[Short descriptive text snippets]

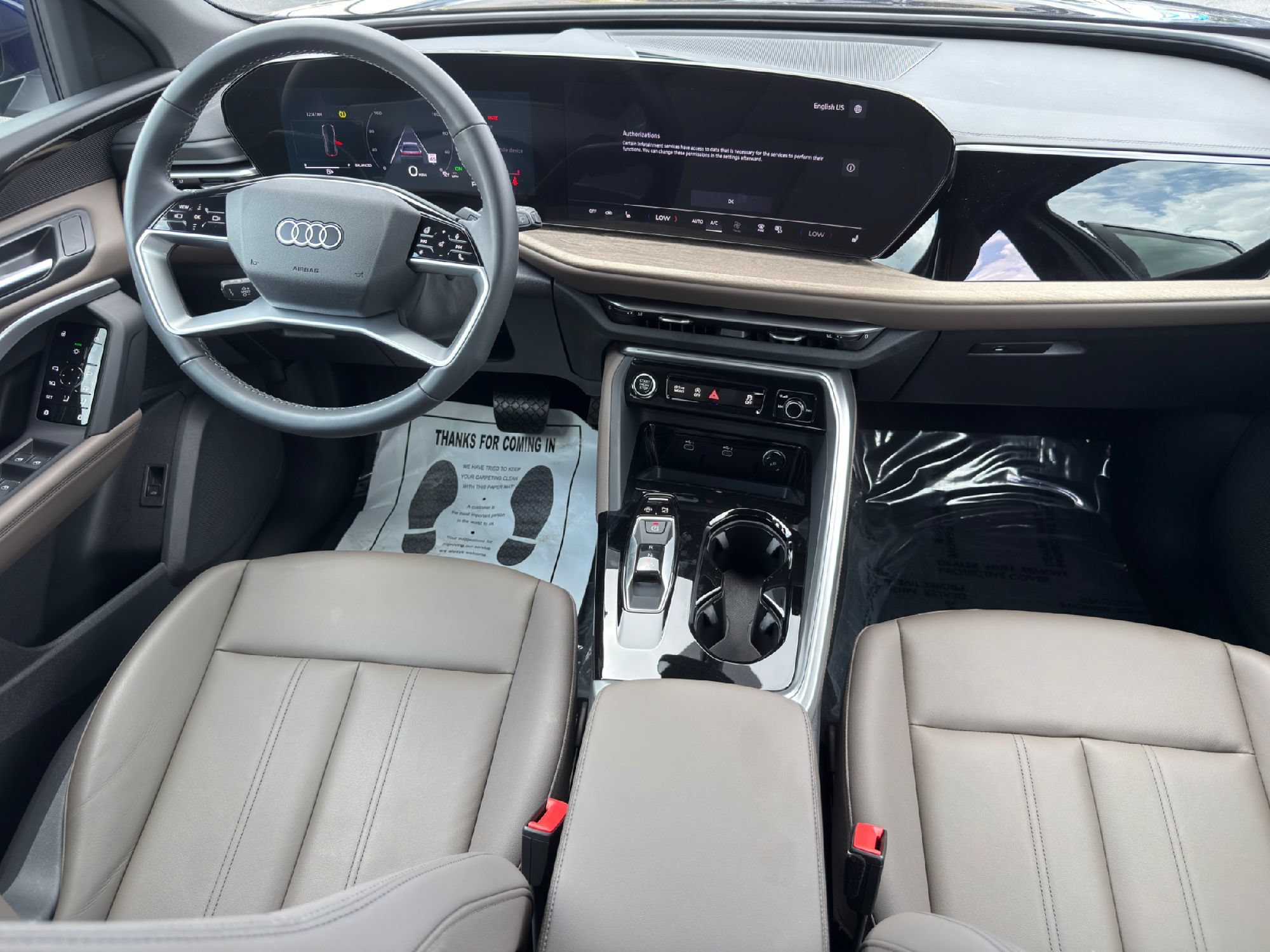 Certified 2025 Audi Q5 Premium w/ Convenience Package AWD/4WD image 22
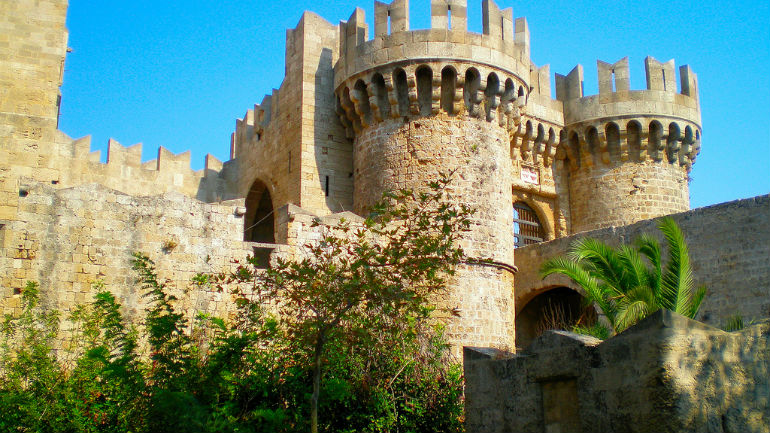 Ρόδος: Καταστηματάρχης εμπόδισε ασθενοφόρο – Πέθανε ο ασθενής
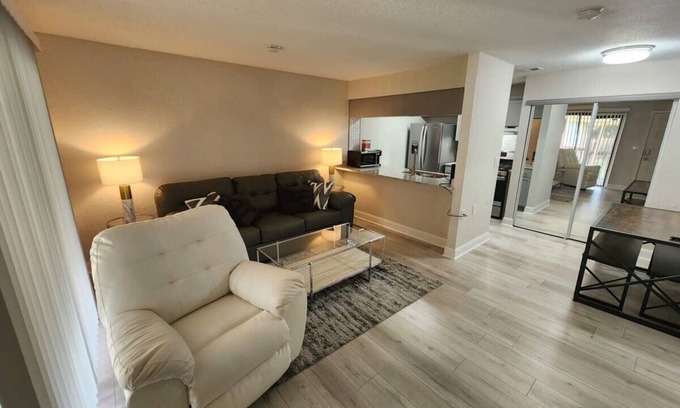 Tallahassee Apartment | POOL! Clean-2 miles to FSU!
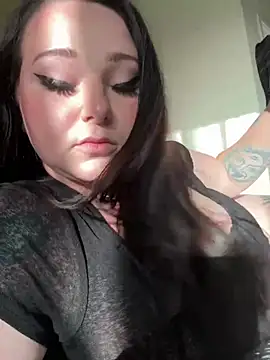 Snapshot of Kira_tattoo chatting on May 2026 01:55:01 AM Kira tattoo online show from May 2026 01:55:01 AM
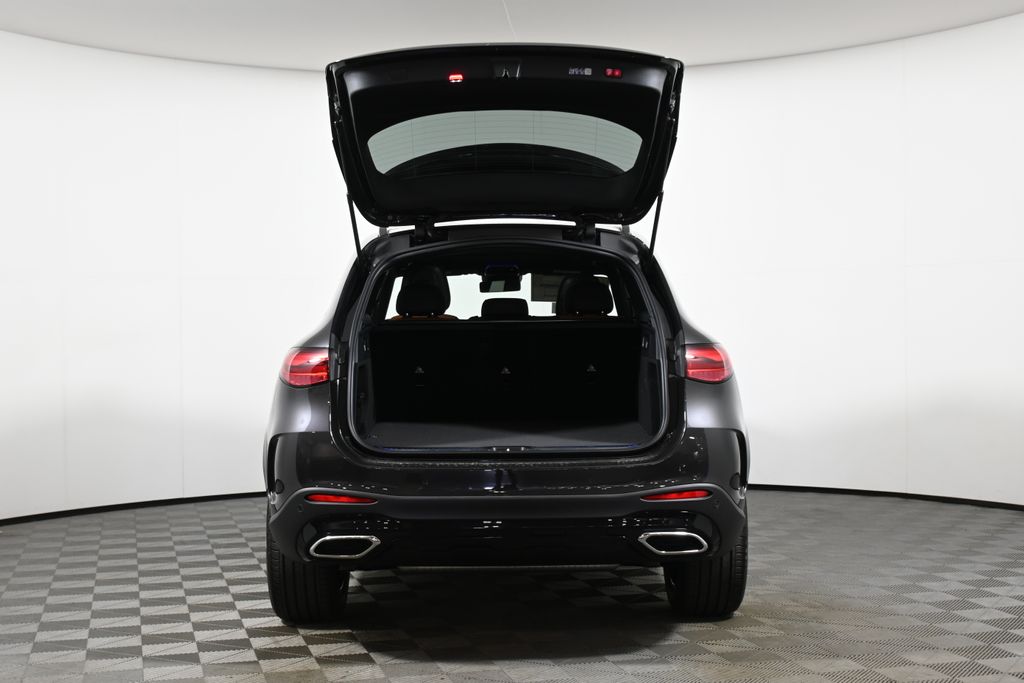 2025 Mercedes-Benz GLC 300 25
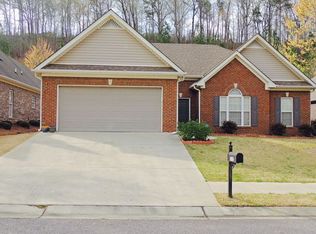 182 Cove Ln, Pelham, AL 35124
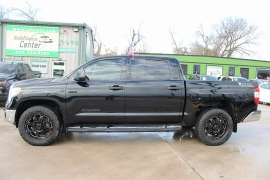 Used 2017  Toyota Tundra 4WD CrewMax 5&period;5' Bed 5&period;7L FFV &lpar;Natl&rpar; at Auto Finance Center near Matthews&comma; NC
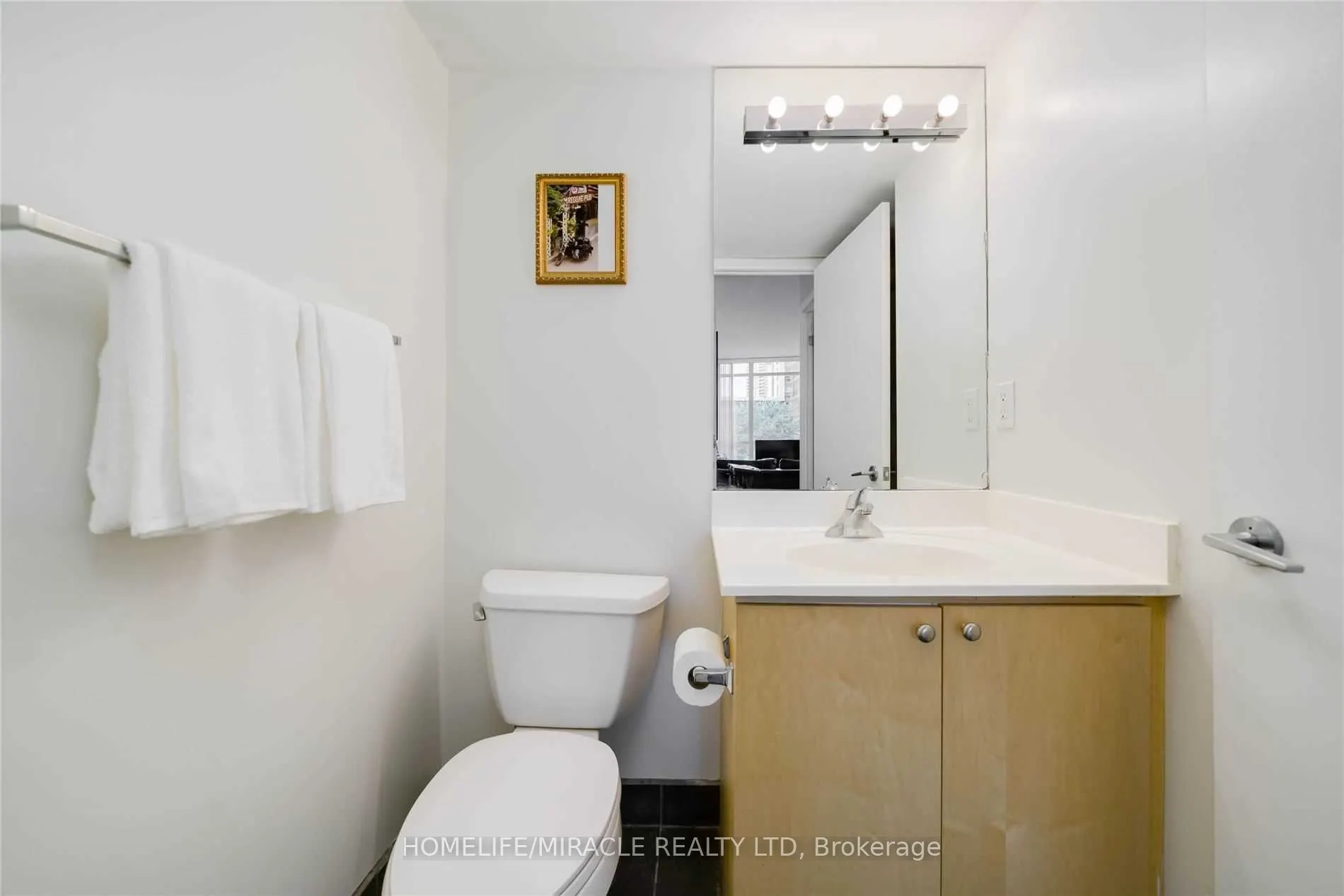 219 Fort York Boulevard, #203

Task description → Your response should consist solely of the lines from the line with "182 Cove Ln, Pelham, AL 35124" through the last line of the entries above, printed exactly and without pictures.

Solution →
 182 Cove Ln, Pelham, AL 35124
 Used 2017  Toyota Tundra 4WD CrewMax 5&period;5' Bed 5&period;7L FFV &lpar;Natl&rpar; at Auto Finance Center near Matthews&comma; NC
 219 Fort York Boulevard, #203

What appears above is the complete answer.